Путешественник выжил, слава Богу. Рассказ его по этому поводу остался не дописан (роковые события, слава Богу, не сошлись одно с другим), но главное было сделано. Стихия моря, аморфное роение времени были покорены литературной композицией Карамзина. Его удвоенное письмо содержало все необходимые компоненты настоящего рассказа.
Путешественнику весело вдвойне. Во-первых, он выжил, во-вторых, покорен морской зверь времени — его, Карамзина, опусом, текстом.
Таким должен быть его текст. Бегущий, путешествующий, следящий сам за собой, не оставляющий читателя ни на минуту в равнодушном спокойствии. Обладающий должным пространством, воздухом во времени, дистанцией между Марией и Николаем, между «тогда» и «сейчас».
Замечательная вещица, отдельная от всего корпуса писем, письмо с вложением, посылкой от мертвой Марии за пазухой.
* * *
Все, довольно, он вернулся в Россию! Из топи Финского залива, точно из бездны иного времени (а разве не так? из русской бездны) поднимается город Кронштадт. Темный, сырой, угловатый — внешние углы крепости из-за малого размера города обратились внутрь и толкают прохожего то в бок, то в спину. В домах и на душе тесно.
Всех останавливаю, спрашиваю, единственно для того, чтобы говорить по-русски и слышать русских людей. Вы знаете, что трудно найти город хуже Кронштата, но мне он мил! Здешний трактир можно назвать гостиницею нищих, но мне в нем весело!

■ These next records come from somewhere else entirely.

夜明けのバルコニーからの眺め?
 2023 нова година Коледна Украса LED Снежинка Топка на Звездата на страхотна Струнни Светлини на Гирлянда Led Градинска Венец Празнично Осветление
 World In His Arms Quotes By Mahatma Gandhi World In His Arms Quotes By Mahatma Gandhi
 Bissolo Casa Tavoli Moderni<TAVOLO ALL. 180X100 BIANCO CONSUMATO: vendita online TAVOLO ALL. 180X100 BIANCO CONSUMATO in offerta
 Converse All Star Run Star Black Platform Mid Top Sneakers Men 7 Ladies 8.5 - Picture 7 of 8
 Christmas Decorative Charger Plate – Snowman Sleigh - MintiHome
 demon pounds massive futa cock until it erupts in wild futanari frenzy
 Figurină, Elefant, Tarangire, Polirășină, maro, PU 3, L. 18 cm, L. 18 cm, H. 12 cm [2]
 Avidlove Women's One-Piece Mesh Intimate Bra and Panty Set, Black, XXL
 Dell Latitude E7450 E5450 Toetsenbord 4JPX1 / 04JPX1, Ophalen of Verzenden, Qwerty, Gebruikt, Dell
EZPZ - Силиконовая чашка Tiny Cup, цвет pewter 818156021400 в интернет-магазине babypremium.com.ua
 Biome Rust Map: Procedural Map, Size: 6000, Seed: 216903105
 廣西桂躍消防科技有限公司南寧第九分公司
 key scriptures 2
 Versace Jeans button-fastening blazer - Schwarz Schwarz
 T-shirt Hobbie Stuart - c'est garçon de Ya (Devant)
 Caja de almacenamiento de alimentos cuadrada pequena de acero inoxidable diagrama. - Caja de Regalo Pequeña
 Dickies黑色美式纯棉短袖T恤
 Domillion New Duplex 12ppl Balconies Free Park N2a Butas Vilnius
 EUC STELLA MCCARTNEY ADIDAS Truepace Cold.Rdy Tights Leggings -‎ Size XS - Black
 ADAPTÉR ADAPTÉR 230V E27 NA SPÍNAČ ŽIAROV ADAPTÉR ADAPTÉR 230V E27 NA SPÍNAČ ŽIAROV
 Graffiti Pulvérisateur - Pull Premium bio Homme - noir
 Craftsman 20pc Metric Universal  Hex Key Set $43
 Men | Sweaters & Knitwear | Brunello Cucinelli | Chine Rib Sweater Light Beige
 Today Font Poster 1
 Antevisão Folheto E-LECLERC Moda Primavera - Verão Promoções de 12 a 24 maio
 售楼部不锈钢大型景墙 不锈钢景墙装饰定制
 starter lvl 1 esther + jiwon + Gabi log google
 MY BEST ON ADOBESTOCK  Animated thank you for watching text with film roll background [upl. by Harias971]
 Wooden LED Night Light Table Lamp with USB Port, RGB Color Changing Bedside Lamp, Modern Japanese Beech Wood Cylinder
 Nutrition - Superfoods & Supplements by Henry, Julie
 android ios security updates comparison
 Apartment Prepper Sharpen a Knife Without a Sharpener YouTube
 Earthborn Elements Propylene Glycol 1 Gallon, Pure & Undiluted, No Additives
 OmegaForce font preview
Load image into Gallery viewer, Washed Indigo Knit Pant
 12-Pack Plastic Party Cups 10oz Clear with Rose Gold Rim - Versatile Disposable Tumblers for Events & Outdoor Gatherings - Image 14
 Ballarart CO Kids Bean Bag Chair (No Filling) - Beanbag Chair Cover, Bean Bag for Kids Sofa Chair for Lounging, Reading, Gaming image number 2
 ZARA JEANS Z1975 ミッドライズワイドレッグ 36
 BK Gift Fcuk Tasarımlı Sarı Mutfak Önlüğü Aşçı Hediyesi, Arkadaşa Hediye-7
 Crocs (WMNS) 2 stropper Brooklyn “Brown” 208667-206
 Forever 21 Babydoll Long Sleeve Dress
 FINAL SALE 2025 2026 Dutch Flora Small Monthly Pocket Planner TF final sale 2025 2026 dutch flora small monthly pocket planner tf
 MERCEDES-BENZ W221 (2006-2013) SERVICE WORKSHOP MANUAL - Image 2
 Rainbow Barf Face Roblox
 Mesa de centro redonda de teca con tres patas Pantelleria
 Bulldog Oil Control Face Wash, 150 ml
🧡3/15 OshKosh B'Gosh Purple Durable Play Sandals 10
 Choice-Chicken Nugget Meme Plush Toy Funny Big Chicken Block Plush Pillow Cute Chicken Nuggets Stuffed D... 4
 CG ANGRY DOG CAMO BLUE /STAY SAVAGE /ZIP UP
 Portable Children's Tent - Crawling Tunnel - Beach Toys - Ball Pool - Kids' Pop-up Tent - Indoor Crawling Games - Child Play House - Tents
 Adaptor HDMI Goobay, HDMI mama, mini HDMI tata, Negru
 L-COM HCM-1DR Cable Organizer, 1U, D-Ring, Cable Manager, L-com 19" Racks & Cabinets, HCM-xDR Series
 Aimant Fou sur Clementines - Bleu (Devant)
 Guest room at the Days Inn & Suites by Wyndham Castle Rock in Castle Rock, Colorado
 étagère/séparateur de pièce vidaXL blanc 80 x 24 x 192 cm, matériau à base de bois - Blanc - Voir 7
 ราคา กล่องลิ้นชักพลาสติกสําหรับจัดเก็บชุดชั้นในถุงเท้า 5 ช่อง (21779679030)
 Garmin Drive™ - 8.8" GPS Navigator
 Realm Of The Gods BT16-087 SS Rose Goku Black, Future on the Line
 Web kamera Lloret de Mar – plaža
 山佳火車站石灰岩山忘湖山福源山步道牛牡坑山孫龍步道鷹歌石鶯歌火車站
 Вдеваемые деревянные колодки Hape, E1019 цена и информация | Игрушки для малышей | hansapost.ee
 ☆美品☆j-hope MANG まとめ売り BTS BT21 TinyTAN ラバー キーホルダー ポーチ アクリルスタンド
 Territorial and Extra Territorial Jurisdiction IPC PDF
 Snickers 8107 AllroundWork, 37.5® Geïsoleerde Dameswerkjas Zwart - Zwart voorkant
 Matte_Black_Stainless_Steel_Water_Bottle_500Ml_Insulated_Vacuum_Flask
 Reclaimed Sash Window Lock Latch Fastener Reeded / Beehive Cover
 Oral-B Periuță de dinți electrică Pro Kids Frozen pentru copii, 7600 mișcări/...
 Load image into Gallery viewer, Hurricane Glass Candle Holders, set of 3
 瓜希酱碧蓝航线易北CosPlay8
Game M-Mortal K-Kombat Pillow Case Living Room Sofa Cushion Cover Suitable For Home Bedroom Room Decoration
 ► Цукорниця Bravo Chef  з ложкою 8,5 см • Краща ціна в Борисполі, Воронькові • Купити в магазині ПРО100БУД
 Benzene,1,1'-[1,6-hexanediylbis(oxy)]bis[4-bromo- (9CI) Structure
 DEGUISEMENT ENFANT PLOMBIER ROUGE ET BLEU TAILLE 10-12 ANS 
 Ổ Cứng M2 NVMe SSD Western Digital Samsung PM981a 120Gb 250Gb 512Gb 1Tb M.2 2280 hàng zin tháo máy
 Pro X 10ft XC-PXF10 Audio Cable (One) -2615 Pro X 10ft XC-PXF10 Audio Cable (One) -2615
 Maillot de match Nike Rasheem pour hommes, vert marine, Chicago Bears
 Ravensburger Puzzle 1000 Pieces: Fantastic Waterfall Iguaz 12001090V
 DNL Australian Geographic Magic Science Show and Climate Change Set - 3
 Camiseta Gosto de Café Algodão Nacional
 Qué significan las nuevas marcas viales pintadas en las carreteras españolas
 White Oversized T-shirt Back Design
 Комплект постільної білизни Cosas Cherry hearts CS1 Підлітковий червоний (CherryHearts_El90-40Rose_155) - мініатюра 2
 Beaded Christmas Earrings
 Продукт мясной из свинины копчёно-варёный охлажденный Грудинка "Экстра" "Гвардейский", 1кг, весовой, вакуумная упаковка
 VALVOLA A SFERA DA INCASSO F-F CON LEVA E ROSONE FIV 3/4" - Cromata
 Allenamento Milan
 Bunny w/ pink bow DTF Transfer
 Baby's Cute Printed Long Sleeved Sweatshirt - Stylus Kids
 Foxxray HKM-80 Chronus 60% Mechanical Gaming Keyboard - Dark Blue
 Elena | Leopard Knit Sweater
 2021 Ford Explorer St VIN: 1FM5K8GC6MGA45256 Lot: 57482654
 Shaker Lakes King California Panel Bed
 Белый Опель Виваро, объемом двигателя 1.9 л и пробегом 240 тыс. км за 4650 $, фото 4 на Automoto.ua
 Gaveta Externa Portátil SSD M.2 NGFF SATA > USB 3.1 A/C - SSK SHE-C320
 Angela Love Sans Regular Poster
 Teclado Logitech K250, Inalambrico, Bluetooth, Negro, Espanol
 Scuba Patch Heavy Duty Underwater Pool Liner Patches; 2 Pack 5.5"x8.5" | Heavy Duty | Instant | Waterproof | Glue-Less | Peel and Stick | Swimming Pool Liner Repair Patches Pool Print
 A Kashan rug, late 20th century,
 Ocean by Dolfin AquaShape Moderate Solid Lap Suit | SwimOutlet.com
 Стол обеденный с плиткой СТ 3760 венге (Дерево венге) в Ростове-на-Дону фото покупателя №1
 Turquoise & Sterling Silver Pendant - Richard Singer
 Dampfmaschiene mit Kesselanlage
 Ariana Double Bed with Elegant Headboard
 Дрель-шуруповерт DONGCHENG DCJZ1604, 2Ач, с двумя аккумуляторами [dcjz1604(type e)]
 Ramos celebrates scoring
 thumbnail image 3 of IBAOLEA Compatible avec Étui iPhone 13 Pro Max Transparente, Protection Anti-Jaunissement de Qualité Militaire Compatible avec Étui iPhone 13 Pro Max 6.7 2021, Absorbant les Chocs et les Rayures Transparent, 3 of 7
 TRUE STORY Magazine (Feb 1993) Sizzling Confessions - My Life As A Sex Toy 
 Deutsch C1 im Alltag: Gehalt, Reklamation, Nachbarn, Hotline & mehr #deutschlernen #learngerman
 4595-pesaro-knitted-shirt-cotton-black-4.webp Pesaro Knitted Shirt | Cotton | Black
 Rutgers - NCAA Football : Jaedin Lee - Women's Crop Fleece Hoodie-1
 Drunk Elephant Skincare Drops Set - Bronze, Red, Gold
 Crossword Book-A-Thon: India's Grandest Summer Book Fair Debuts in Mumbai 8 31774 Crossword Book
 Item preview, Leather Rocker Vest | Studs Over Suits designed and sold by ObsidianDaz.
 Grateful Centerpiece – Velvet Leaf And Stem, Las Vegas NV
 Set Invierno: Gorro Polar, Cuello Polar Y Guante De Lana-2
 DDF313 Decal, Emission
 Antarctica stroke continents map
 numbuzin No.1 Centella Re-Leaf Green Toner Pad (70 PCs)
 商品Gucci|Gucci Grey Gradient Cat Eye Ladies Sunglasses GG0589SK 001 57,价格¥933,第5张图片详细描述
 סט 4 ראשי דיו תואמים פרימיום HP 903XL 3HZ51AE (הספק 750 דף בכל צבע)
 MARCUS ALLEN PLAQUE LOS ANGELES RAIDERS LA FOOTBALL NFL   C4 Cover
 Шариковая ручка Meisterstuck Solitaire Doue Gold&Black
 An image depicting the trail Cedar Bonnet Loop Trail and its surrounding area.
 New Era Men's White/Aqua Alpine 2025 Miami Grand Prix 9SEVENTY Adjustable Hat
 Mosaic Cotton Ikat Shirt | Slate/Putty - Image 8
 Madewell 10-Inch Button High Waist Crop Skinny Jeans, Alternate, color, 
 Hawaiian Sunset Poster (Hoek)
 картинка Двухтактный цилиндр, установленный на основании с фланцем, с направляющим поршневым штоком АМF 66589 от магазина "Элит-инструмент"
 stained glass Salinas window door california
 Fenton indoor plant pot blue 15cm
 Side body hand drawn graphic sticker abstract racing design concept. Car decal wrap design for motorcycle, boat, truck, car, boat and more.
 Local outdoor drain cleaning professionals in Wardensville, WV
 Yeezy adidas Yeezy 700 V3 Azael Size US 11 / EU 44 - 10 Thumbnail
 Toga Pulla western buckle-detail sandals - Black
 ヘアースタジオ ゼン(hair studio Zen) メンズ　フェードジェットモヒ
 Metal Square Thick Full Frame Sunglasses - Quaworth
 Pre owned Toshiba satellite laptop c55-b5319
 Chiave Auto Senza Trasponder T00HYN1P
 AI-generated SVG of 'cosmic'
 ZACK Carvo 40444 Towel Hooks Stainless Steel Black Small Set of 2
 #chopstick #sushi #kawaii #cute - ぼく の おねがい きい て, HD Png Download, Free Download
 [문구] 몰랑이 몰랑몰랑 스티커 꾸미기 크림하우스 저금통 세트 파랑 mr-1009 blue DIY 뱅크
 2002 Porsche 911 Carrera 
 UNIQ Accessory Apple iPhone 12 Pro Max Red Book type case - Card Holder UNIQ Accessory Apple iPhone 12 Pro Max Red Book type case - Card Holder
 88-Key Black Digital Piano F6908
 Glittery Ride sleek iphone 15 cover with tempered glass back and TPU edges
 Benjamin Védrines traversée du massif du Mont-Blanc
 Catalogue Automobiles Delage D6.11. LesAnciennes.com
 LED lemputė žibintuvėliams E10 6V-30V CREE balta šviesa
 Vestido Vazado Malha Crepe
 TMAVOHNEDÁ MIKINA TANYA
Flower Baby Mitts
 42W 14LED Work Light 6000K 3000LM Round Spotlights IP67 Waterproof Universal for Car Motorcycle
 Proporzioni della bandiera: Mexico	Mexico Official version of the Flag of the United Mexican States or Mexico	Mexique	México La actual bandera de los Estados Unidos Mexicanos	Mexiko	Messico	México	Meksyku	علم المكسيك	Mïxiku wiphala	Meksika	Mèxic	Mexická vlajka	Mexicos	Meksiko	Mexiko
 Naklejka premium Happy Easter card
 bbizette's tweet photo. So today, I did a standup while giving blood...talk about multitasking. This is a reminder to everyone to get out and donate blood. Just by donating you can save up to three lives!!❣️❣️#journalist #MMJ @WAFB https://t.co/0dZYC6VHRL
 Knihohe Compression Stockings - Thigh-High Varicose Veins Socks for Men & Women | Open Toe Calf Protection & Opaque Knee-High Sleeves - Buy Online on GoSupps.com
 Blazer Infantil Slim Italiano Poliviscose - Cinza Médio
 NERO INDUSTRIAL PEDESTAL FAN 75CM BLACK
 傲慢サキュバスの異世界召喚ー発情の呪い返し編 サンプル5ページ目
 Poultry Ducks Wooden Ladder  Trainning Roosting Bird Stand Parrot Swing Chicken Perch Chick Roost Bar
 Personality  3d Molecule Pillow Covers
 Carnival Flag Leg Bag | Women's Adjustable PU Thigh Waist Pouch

Карамзин вернулся; здесь помещение его языка, такое же, как Кронштадт, — темное и сырое, полурусское-полунемецкое и в целом какое-то хаотическое, но Карамзину уже ясно, чем осветить его, как связать этот хаос словом.
XXI
Еще неделя странствия, внутреннего, сухопутного; наконец движение сменяется долгожданным покоем — Карамзин в Москве.
Именно теперь его путешествие представляется «запредельным» — и ему самому, и нам, его читателям.
Первое впечатление в целом — ему явился сон. Почему так? Все было взаправду и живо. Вот в чем, наверное, дело — это о нашем, читательском впечатлении: мы судим о его поездке по «Письмам русского путешественника», а эти «Письма» так доброжелательно отстранены от тех мест, где он побывал, настолько тактичны и «бесконтактны» (тем более для нас, привычных к новейшему письму, прямо лезущему в душу, грубому и телесному), настолько по-хорошему сентиментальны, что в самом деле возникает ощущение, что, читая их, мы смотрим светлый сон. Без потрясений и страхов, как, впрочем, и особой радости, вообще — без острых ощущений.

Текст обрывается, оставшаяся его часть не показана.